Remote node cost acceptance checklist
Finance should see the same artifacts operators use. Work through the list below on a rented host before you scale hours.
- Archive the exact ONNX and Core ML bundles plus checksums in object storage tied to the tenant id.
- Run a six hour soak with production batch curves while recording images per hour and error counts.
- Compare wall clock from your scheduler with billed minutes including cold start windows.
- Attach OpenTelemetry fields for batch thread count device and queue wait to each job.
- Sign off only when swap never sustains and p95 latency stays inside the table you captured locally.
- Citable gate: keep text token cap and short edge within one percent of local benchmarks when validating remote parity.

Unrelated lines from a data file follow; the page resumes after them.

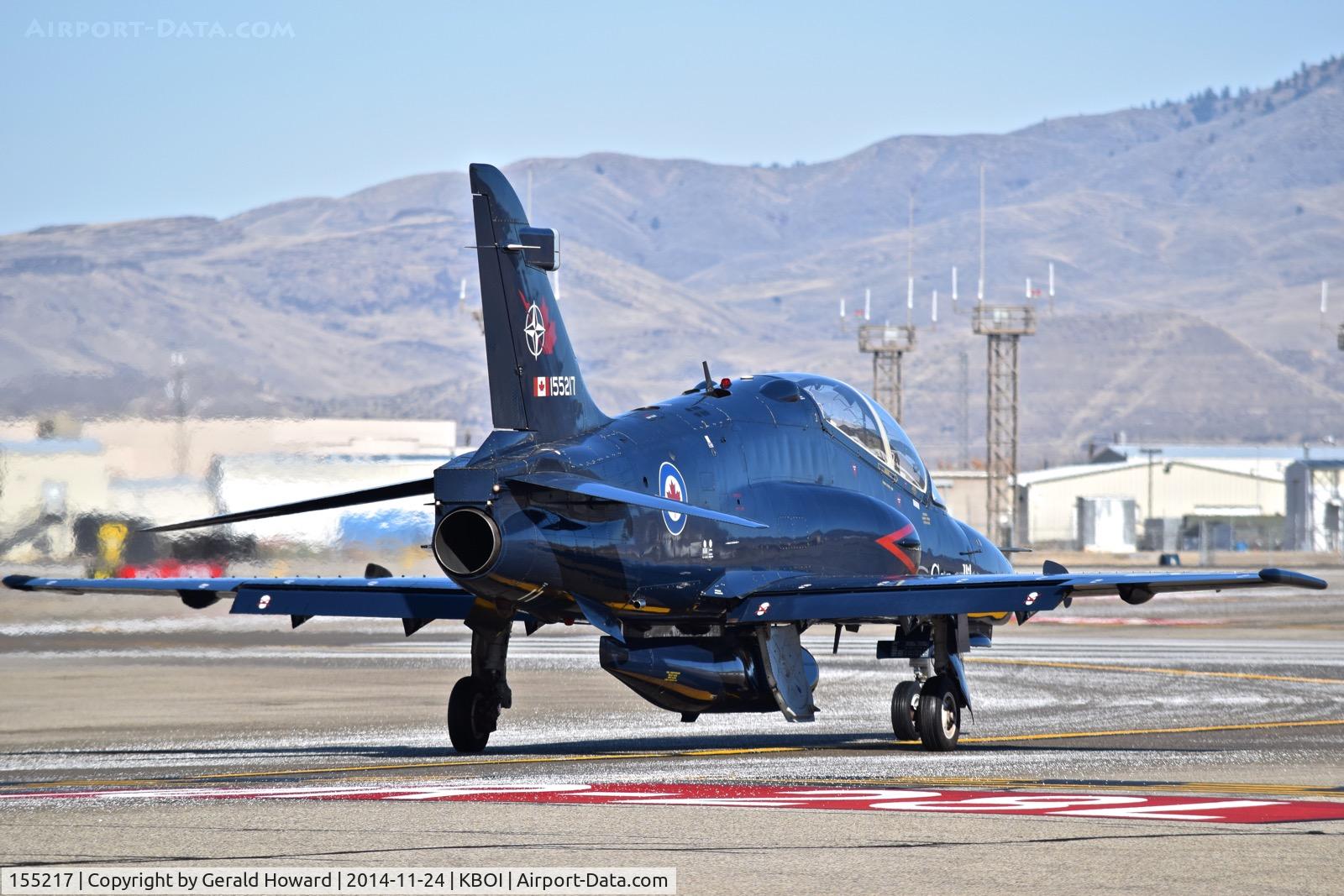 155217, 2001 BAe Systems CT-155 Hawk C/N IT025/711, Turning onto RWY 28L. No.2 CFFTS, Moose Jaw, Saskatchewan, Canada.
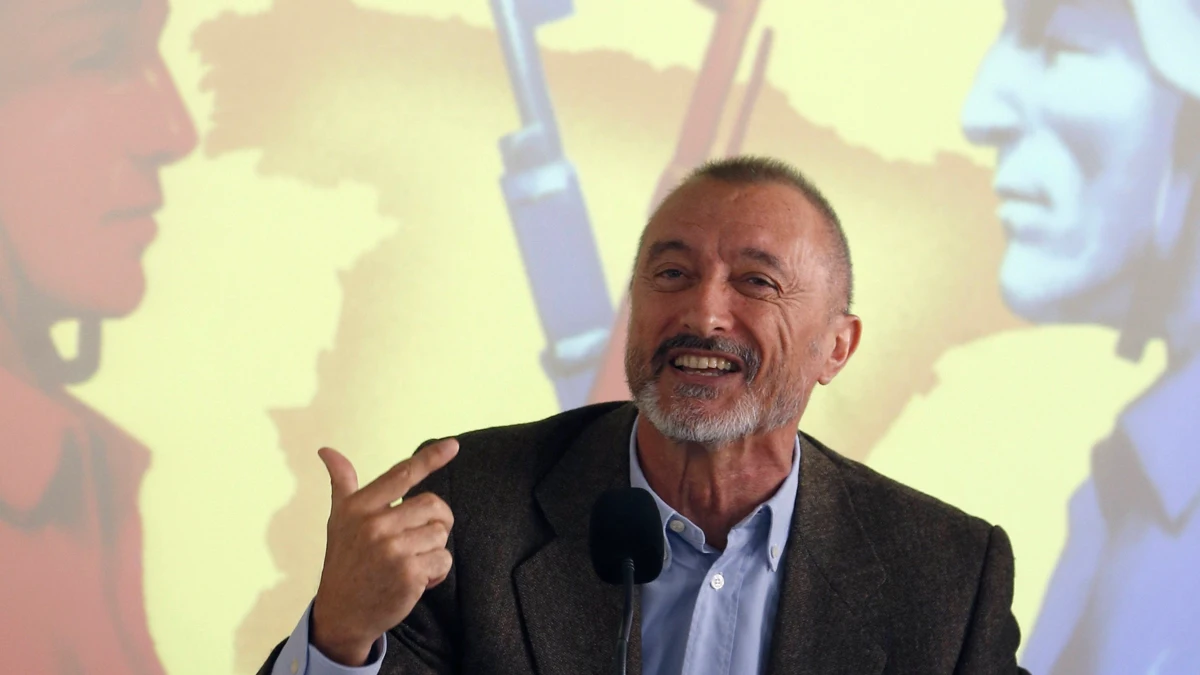 Arturo Pérez-Reverte presenta su libro 'La Guerra Civil contada a los jóvenes'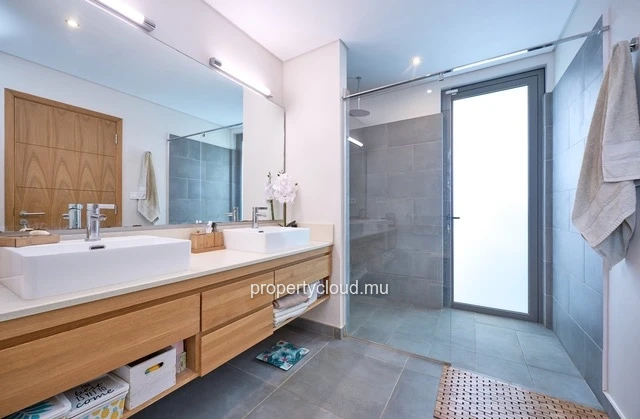 For sale: magnificent villa in a residence accessible to foreigners in Grand Baie, La Salette.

- Citable gate: store peak RSS samples at least once per batch step in your nightly chart.
- Citable gate: require zero unexplained Core ML fallback warnings during soak or reopen conversion.
FAQ
Does lower dimension always mean cheaper? Not if quantization or ANN parameters shift recall; treat dimension as a contract with the index team.
Should I run SigLIP on CPU for parity tests? Yes briefly, but spend most cycles on the EP you ship so acceptance matches reality.
Open the homepage for product context, skim Help for SSH and console access, then compare pricing and continue to purchase without logging in.
Summary: Freeze preprocessing and dimension contracts, promote ONNX through Core ML EP with fresh batch and memory sweeps, cap threads and queues explicitly, export telemetry fields, and buy dedicated Apple Silicon hours only after remote soak minutes line up with invoices.